The Trump administration has long reviled the court.

Mr. Trump’s previous national security adviser, John R. Bolton, who has been a fervent opponent of the legal body since 2002, delivered a fiery speech in September 2018 that first put the court on notice that it could be subject to American sanctions.

The Clinton administration signed the treaty that established the court in 1998, but President George W. Bush later called it invalid and never sought to join it. The Obama administration cooperated with the court on some of its investigations, including into human rights abuses in Darfur, a region of Sudan, but did not renew a push for American membership.

At Thursday’s announcement, Mr. Barr said the court was vulnerable to manipulation by “foreign powers, like Russia” but did not elaborate or give examples.

Mr. Pompeo castigated it as a “mockery.” He said the court had won only four convictions in major criminal cases since 2002, despite spending $1 billion and demanding hefty pay raises for its judges.

Mr. Pompeo said that reflected ineptitude and the “highly politicized nature” of a court that he said allowed hearsay as evidence, failed to guarantee a speedy trial and denied accountability to the U.S. legal system.

He warned other allies that fought with American forces in Afghanistan that “your people could be next.”

A spokesman for the international court said its officials were examining Mr.
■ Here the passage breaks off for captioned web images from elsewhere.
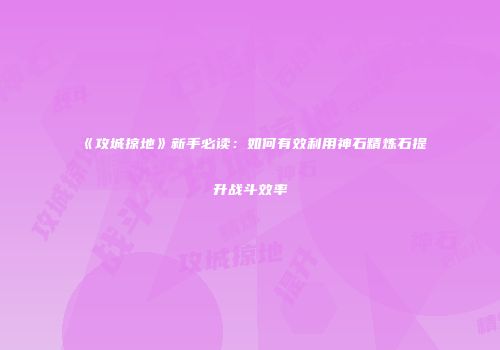 《攻城掠地》新手必读:如何有效利用神石精炼石提升战斗效率
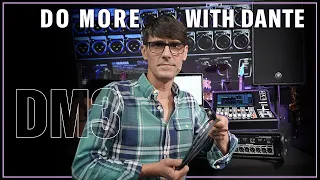 DM3 Series: Do more with Dante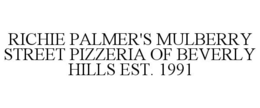 RICHIE PALMER'S MULBERRY STREET PIZZERIA OF BEVERLY HILLS EST. 1991 trademark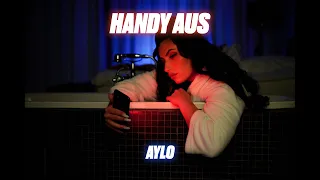 AYLO - HANDY AUS  [Official Video] (Prod. by dvvd, LWKI, Iceberg)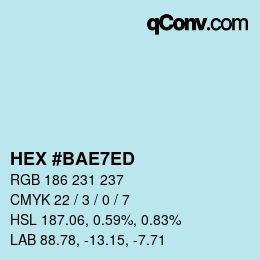 カラーコード: HEX #BAE7ED | qconv.com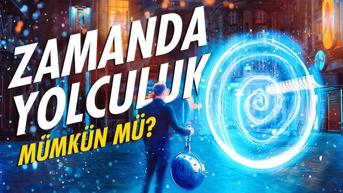 Zaman Yolculuğu Mümkün Mü?
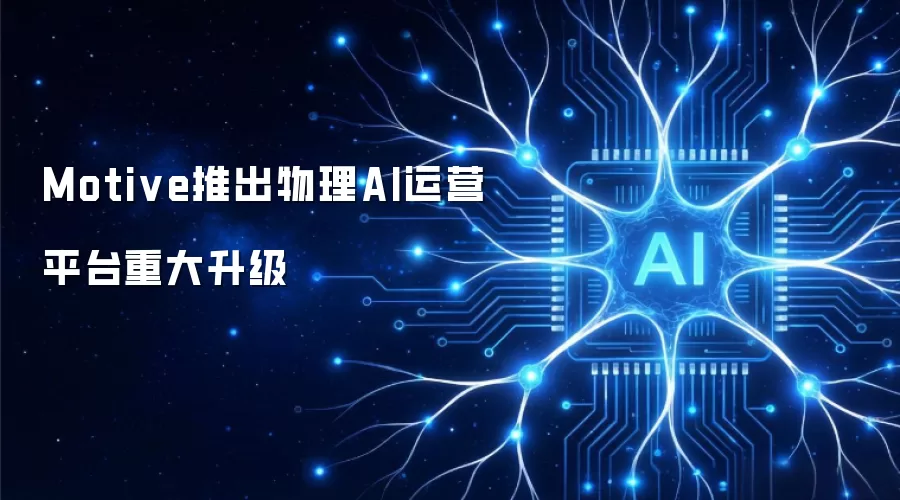 Motive推出物理AI运营平台重大升级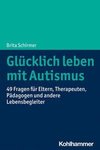 Glücklich leben mit Autismus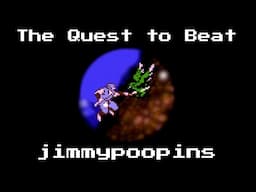 The Quest to Beat jimmypoopins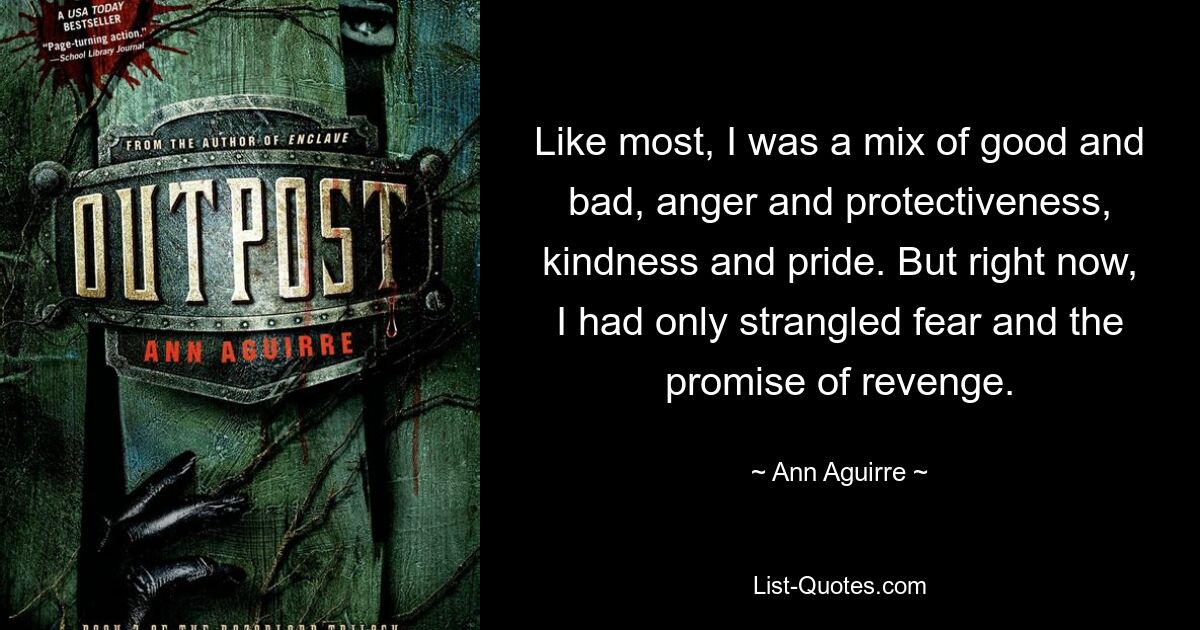 Like most, I was a mix of good and bad, anger and protectiveness, kindness and pride. But right now, I had only strangled fear and the promise of revenge. — © Ann Aguirre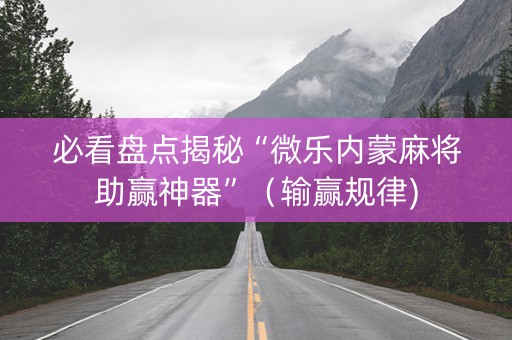 必看盘点揭秘“微乐内蒙麻将助赢神器”（输赢规律)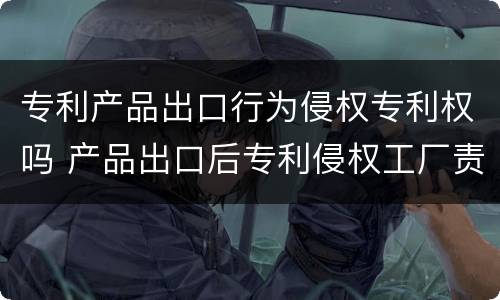 专利产品出口行为侵权专利权吗 产品出口后专利侵权工厂责任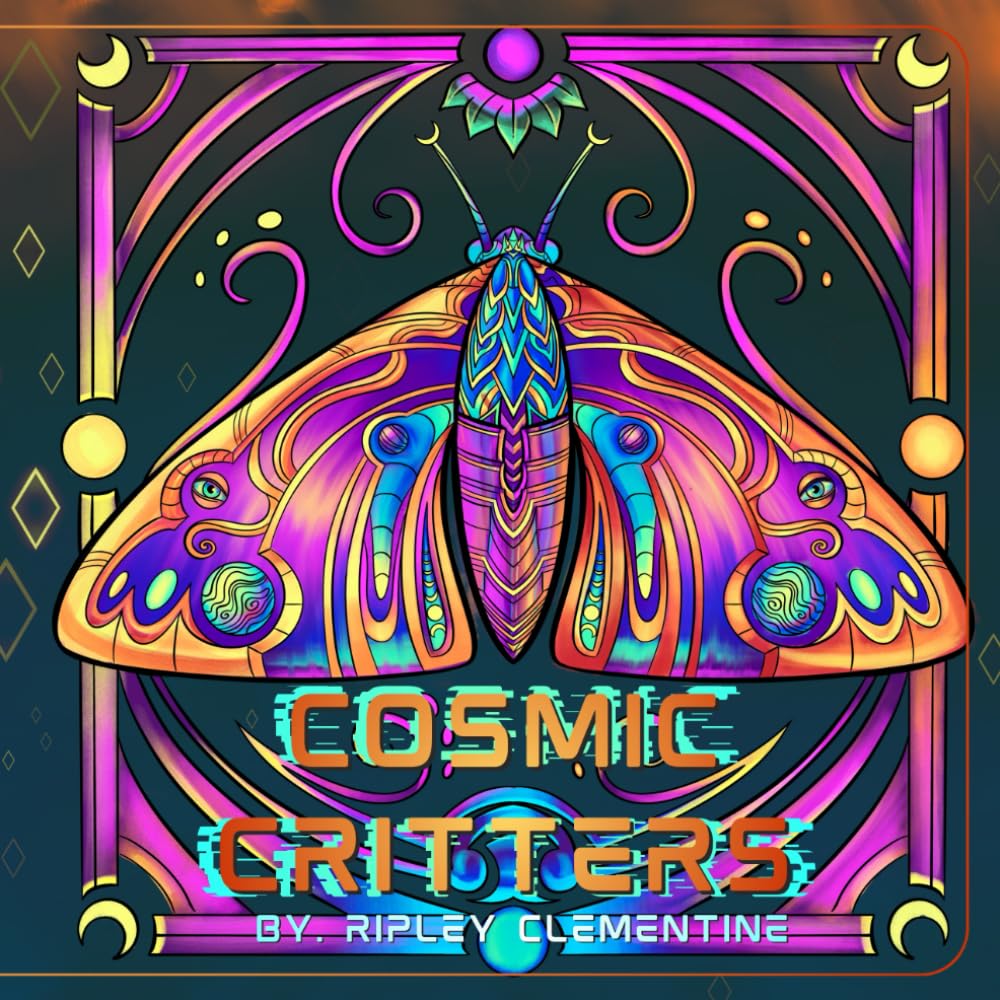 Cosmic Critters - Hand Drawn Calming Coloring Pages, With Unique Original Illustrations, Featuring Animals, Patterns and More.: Hand drawn coloring ... of tiny creatures decorated with the cosmos.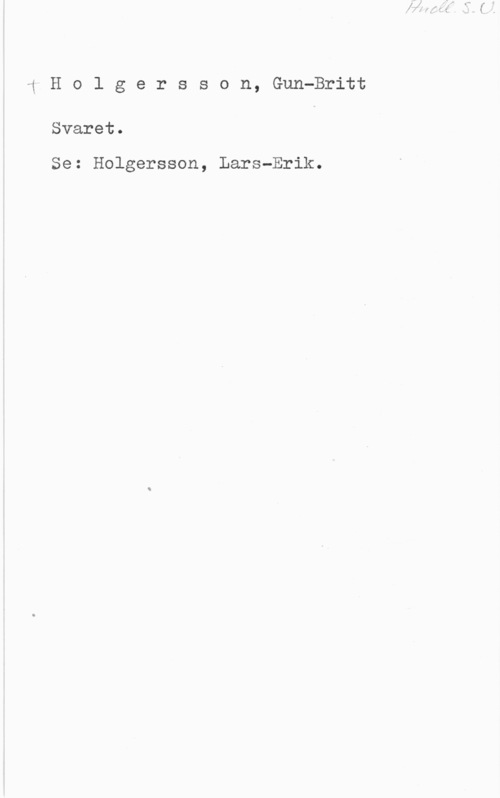 Holgersson, Gun-Britt fHolgersson, Gun-Britt

Svaret.

Se: Holgersson, Lars-Erik.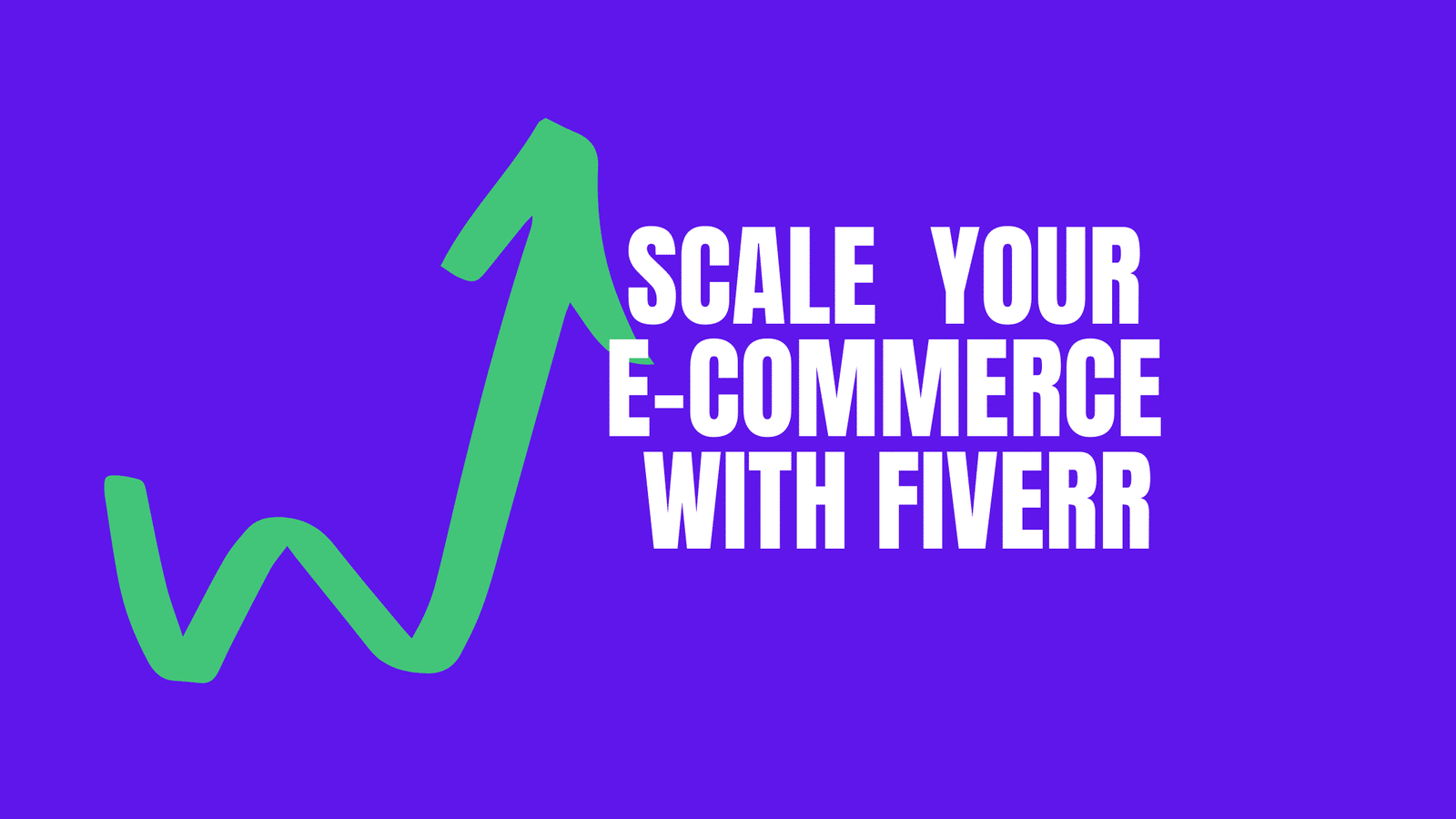 Scale Your E-Commerce Business with Fiverr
Pompeo’s statement and did not have an immediate comment.

Legal concerns aside, however, the tableau of the government’s most senior national security officials also represented a show of support for the American military at a time of tension between the Trump administration and troops.

Mr. Trump’s threat to deploy active-duty troops into American cities to control mostly peaceful demonstrations last week brought public rebukes from a number of retired senior military officers — and private calls for restraint from current Pentagon leaders. Just minutes before Thursday’s announcement, Gen. Mark. A. Milley, the chairman of the Joint Chiefs of Staff, said “it was a mistake” to participate in a photo op with Mr. Trump that was staged shortly after authorities forcibly cleared away peaceful protesters outside the White House with tear gas and rubber bullets.

The Pentagon is also torn over the issue of removing Confederate-era names from military installations. After the Marine Corps and the Navy banned Confederate flags from their facilities, the Army said it was open to stripping the names of Confederate generals from its bases. On Wednesday, Mr. Trump said he would “not even consider” it.

Both Mr. Pompeo and Mr. O’Brien made mention of their previous military service at Thursday’s announcement in vowing to protect American forces who had served in combat. Mr. Esper is also a former Army officer.

“Rest assured,” Mr. Esper said, “that the men and women of the United States Armed Forces will never appear before the I.C.C.”